At the very beginning of last year, I decided to track my reading habits and share the best stuff here, on Baeldung. Haven't missed a review since.

Here we go…

1. Spring and Java

>> Java 9 Additions To Optional []

Some interesting stuff is definitely coming to Optional in the JDK.

>> 5 Common Hibernate Exceptions and How to Fix Them []

I like to go through these exception focused articles – they usually have new insights I can glean for when I do get the exception.

>> Managing Secrets with Vault []

Storing secret configuration data is almost always an important thing to get right in the overall architecture of a system.

It's also one of the most common question I get from readers when it comes to project configuration. So this writeup is an interesting solution to that question. Not the only solution, but certainly an interesting one.

>> Turn Around. Don’t Use JPA’s loadgraph and fetchgraph Hints. Use SQL Instead. []

A different perspective on picking the persistence solution of your next greenfield project, talking about preferring plain SQL over something higher level such as JPA.

>> 14 High-Performance Java Persistence Tips []

Some low-hanging fruit (and not so low-hanging) to improve the performance of a Hibernate implementation.

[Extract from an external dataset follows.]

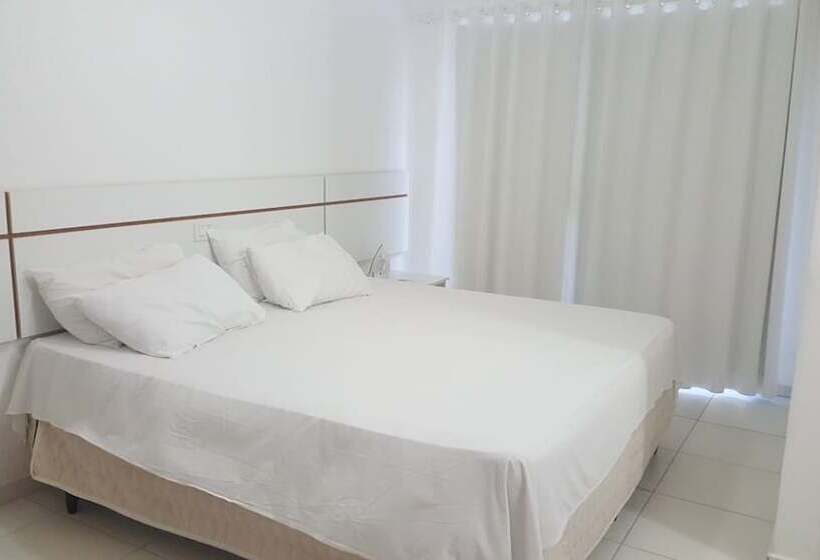 هتل Condomínio Residencial Monte Sião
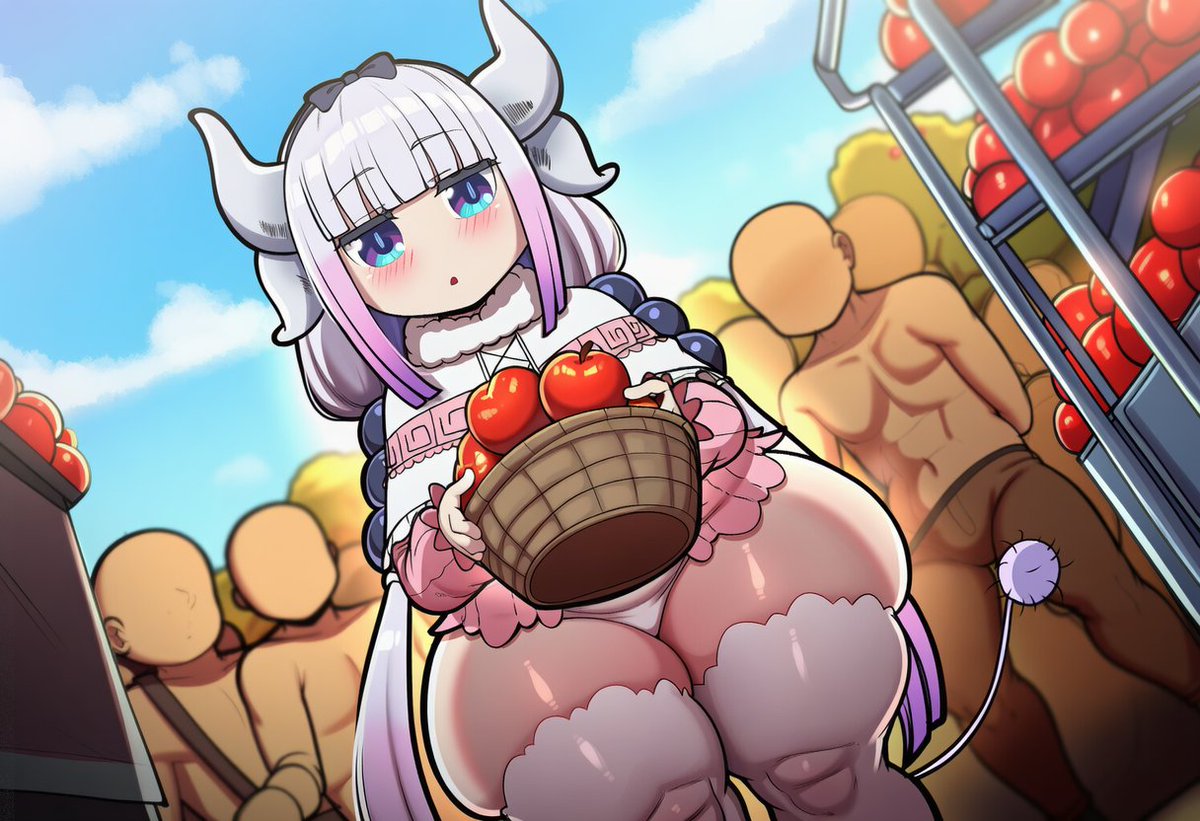 Lord Languish II tweet media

>> “Micro Profile in Enterprise Java” Announced ! [] and >> The Enterprise Java Future Is Bright: Java EE 8 MicroProfile Launched []

Big announcements in the Java EE world (seems like every week now).

>> Close Encounters of The Java Memory Model Kind []

A fantastic deep-dive into the JMM (still reading through it now). Definitely one to bookmark.

Also worth reading:

Webinars and presentations:

Time to upgrade:

2. Technical and Musings

>> Code Review and How Enterprises Can Miss The Point []

An insightful analysis of the motivations of different players in a large organization when it comes to code reviews and to getting something useful out of the practice. Well worth reading.

>> How I prepared for the NDC keynote (and other speaker tips) []

Some solid, to the point advice on speaking well.

I feel that speaking is a life-long journey and there's always a lot to learn. And delivering a good presentation is such an important skill that it really makes sense to spend time and learn how to do it well, as much as possible.

>> Learning a Healthy Fear of Legacy Code []

Here be dragons.

>> Expanding the Cloud: Introducing the AWS Asia Pacific (Mumbai) Region []

Yeah, one more region to play with, after Frankfurt.

>> Special Skills []

There's a time to study the foundations and there's a time to specialize. And while foundations are important, specialization and niching down are more and more critical today.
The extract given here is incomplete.